::: Entries shown :::

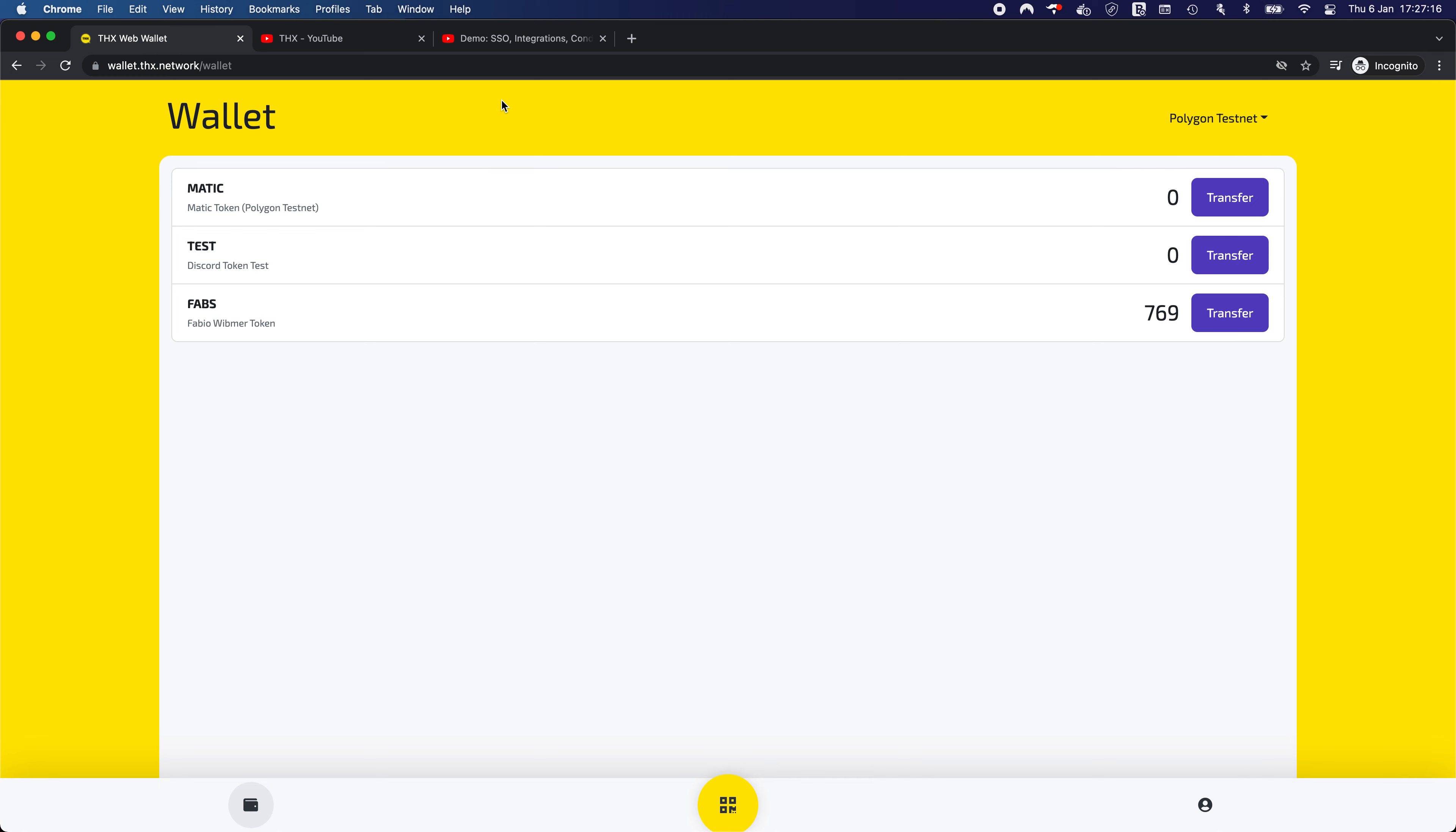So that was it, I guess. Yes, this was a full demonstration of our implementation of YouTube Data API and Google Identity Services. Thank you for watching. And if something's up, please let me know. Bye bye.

:::
::: Entries shown :::

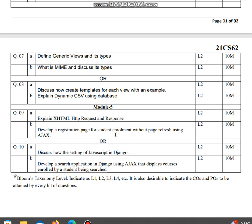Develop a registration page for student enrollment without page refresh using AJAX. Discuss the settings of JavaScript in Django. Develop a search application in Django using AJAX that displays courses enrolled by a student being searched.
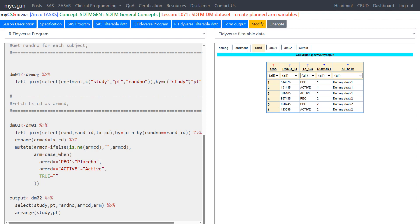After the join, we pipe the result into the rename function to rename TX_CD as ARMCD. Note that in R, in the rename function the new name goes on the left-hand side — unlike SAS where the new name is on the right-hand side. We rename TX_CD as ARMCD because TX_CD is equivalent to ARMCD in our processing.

:::

Work item:
No picture is to be printed. Output exactly the lines above from the line containing "Develop a registration" through the line containing "After the join, we".

Written response:
Develop a registration page for student enrollment without page refresh using AJAX. Discuss the settings of JavaScript in Django. Develop a search application in Django using AJAX that displays courses enrolled by a student being searched.
After the join, we pipe the result into the rename function to rename TX_CD as ARMCD. Note that in R, in the rename function the new name goes on the left-hand side — unlike SAS where the new name is on the right-hand side. We rename TX_CD as ARMCD because TX_CD is equivalent to ARMCD in our processing.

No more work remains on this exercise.